===== DATA PROVIDED =====

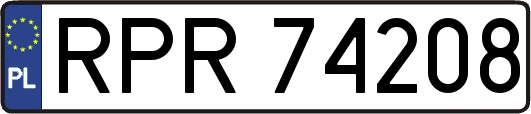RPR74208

=====
===== DATA PROVIDED =====

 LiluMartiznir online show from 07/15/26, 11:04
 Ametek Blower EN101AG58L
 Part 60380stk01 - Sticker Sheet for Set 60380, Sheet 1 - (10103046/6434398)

=====

TASK STATEMENT:
What is needed is a verbatim copy of every line in the records above from the one containing "Ametek Blower EN101AG58L" down to the one containing "Part 60380stk01 - Sticker", both included, and nothing more.

TASK SOLUTION:
 Ametek Blower EN101AG58L
 Part 60380stk01 - Sticker Sheet for Set 60380, Sheet 1 - (10103046/6434398)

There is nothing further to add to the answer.